▶ _WHAT THIS TASK INVOLVES_
Transcribe all of the data exactly, leaving nothing out.
** SOURCE DATA follows **
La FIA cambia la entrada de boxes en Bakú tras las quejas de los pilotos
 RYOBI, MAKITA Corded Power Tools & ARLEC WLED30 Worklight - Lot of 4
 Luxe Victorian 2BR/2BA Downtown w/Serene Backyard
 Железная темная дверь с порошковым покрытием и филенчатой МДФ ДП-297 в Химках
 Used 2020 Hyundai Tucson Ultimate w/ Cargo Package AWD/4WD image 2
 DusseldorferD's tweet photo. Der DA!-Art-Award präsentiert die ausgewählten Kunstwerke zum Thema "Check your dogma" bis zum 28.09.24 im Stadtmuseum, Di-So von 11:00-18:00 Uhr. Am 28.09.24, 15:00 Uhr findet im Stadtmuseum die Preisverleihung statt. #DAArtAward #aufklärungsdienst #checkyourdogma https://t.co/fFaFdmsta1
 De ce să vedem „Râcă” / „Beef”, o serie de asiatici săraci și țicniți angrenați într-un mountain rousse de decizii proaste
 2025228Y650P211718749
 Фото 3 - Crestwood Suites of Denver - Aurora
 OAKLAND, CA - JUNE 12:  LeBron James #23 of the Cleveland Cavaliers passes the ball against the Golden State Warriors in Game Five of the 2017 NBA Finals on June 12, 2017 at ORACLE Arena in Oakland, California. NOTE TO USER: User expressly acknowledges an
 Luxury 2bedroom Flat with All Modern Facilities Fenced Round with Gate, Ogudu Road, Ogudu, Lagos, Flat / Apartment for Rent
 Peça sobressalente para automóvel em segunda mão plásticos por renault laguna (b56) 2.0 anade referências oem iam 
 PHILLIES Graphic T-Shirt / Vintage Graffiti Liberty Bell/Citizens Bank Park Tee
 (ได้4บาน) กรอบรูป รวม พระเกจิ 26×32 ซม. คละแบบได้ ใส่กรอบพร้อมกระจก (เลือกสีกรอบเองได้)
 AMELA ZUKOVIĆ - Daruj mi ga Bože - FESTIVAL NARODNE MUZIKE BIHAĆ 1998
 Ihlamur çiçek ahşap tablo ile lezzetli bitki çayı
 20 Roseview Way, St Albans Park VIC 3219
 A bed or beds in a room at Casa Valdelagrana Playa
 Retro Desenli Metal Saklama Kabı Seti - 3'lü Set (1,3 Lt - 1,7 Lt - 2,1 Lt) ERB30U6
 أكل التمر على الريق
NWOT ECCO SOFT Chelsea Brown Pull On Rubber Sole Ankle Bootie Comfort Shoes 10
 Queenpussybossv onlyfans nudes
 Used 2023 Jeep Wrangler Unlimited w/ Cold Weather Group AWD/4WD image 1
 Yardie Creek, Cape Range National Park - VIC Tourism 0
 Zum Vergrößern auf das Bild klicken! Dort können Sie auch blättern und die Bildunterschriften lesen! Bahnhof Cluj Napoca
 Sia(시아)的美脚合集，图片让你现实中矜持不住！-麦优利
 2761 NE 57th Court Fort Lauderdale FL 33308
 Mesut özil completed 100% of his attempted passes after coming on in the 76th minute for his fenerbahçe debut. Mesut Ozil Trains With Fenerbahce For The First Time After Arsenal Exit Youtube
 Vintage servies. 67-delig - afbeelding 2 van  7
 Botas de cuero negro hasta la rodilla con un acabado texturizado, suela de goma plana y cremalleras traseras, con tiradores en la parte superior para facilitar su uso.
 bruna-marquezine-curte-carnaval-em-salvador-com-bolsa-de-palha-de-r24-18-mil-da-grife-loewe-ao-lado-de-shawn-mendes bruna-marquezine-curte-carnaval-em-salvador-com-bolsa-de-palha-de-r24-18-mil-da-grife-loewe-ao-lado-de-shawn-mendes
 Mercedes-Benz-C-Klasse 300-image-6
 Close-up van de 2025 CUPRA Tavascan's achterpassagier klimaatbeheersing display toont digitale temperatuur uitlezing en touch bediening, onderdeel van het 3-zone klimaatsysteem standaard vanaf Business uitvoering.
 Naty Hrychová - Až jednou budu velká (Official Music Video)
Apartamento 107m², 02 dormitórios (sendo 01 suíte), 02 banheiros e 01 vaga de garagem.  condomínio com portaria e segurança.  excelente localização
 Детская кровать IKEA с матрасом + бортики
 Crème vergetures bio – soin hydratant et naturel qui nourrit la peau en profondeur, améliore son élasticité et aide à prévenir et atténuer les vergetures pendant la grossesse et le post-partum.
** End of SOURCE DATA **
▶ _FINAL ANSWER_
La FIA cambia la entrada de boxes en Bakú tras las quejas de los pilotos
 RYOBI, MAKITA Corded Power Tools & ARLEC WLED30 Worklight - Lot of 4
 Luxe Victorian 2BR/2BA Downtown w/Serene Backyard
 Железная темная дверь с порошковым покрытием и филенчатой МДФ ДП-297 в Химках
 Used 2020 Hyundai Tucson Ultimate w/ Cargo Package AWD/4WD image 2
 DusseldorferD's tweet photo. Der DA!-Art-Award präsentiert die ausgewählten Kunstwerke zum Thema "Check your dogma" bis zum 28.09.24 im Stadtmuseum, Di-So von 11:00-18:00 Uhr. Am 28.09.24, 15:00 Uhr findet im Stadtmuseum die Preisverleihung statt. #DAArtAward #aufklärungsdienst #checkyourdogma https://t.co/fFaFdmsta1
 De ce să vedem „Râcă” / „Beef”, o serie de asiatici săraci și țicniți angrenați într-un mountain rousse de decizii proaste
 2025228Y650P211718749
 Фото 3 - Crestwood Suites of Denver - Aurora
 OAKLAND, CA - JUNE 12:  LeBron James #23 of the Cleveland Cavaliers passes the ball against the Golden State Warriors in Game Five of the 2017 NBA Finals on June 12, 2017 at ORACLE Arena in Oakland, California. NOTE TO USER: User expressly acknowledges an
 Luxury 2bedroom Flat with All Modern Facilities Fenced Round with Gate, Ogudu Road, Ogudu, Lagos, Flat / Apartment for Rent
 Peça sobressalente para automóvel em segunda mão plásticos por renault laguna (b56) 2.0 anade referências oem iam 
 PHILLIES Graphic T-Shirt / Vintage Graffiti Liberty Bell/Citizens Bank Park Tee
 (ได้4บาน) กรอบรูป รวม พระเกจิ 26×32 ซม. คละแบบได้ ใส่กรอบพร้อมกระจก (เลือกสีกรอบเองได้)
 AMELA ZUKOVIĆ - Daruj mi ga Bože - FESTIVAL NARODNE MUZIKE BIHAĆ 1998
 Ihlamur çiçek ahşap tablo ile lezzetli bitki çayı
 20 Roseview Way, St Albans Park VIC 3219
 A bed or beds in a room at Casa Valdelagrana Playa
 Retro Desenli Metal Saklama Kabı Seti - 3'lü Set (1,3 Lt - 1,7 Lt - 2,1 Lt) ERB30U6
 أكل التمر على الريق
NWOT ECCO SOFT Chelsea Brown Pull On Rubber Sole Ankle Bootie Comfort Shoes 10
 Queenpussybossv onlyfans nudes
 Used 2023 Jeep Wrangler Unlimited w/ Cold Weather Group AWD/4WD image 1
 Yardie Creek, Cape Range National Park - VIC Tourism 0
 Zum Vergrößern auf das Bild klicken! Dort können Sie auch blättern und die Bildunterschriften lesen! Bahnhof Cluj Napoca
 Sia(시아)的美脚合集，图片让你现实中矜持不住！-麦优利
 2761 NE 57th Court Fort Lauderdale FL 33308
 Mesut özil completed 100% of his attempted passes after coming on in the 76th minute for his fenerbahçe debut. Mesut Ozil Trains With Fenerbahce For The First Time After Arsenal Exit Youtube
 Vintage servies. 67-delig - afbeelding 2 van  7
 Botas de cuero negro hasta la rodilla con un acabado texturizado, suela de goma plana y cremalleras traseras, con tiradores en la parte superior para facilitar su uso.
 bruna-marquezine-curte-carnaval-em-salvador-com-bolsa-de-palha-de-r24-18-mil-da-grife-loewe-ao-lado-de-shawn-mendes bruna-marquezine-curte-carnaval-em-salvador-com-bolsa-de-palha-de-r24-18-mil-da-grife-loewe-ao-lado-de-shawn-mendes
 Mercedes-Benz-C-Klasse 300-image-6
 Close-up van de 2025 CUPRA Tavascan's achterpassagier klimaatbeheersing display toont digitale temperatuur uitlezing en touch bediening, onderdeel van het 3-zone klimaatsysteem standaard vanaf Business uitvoering.
 Naty Hrychová - Až jednou budu velká (Official Music Video)
Apartamento 107m², 02 dormitórios (sendo 01 suíte), 02 banheiros e 01 vaga de garagem.  condomínio com portaria e segurança.  excelente localização
 Детская кровать IKEA с матрасом + бортики
 Crème vergetures bio – soin hydratant et naturel qui nourrit la peau en profondeur, améliore son élasticité et aide à prévenir et atténuer les vergetures pendant la grossesse et le post-partum.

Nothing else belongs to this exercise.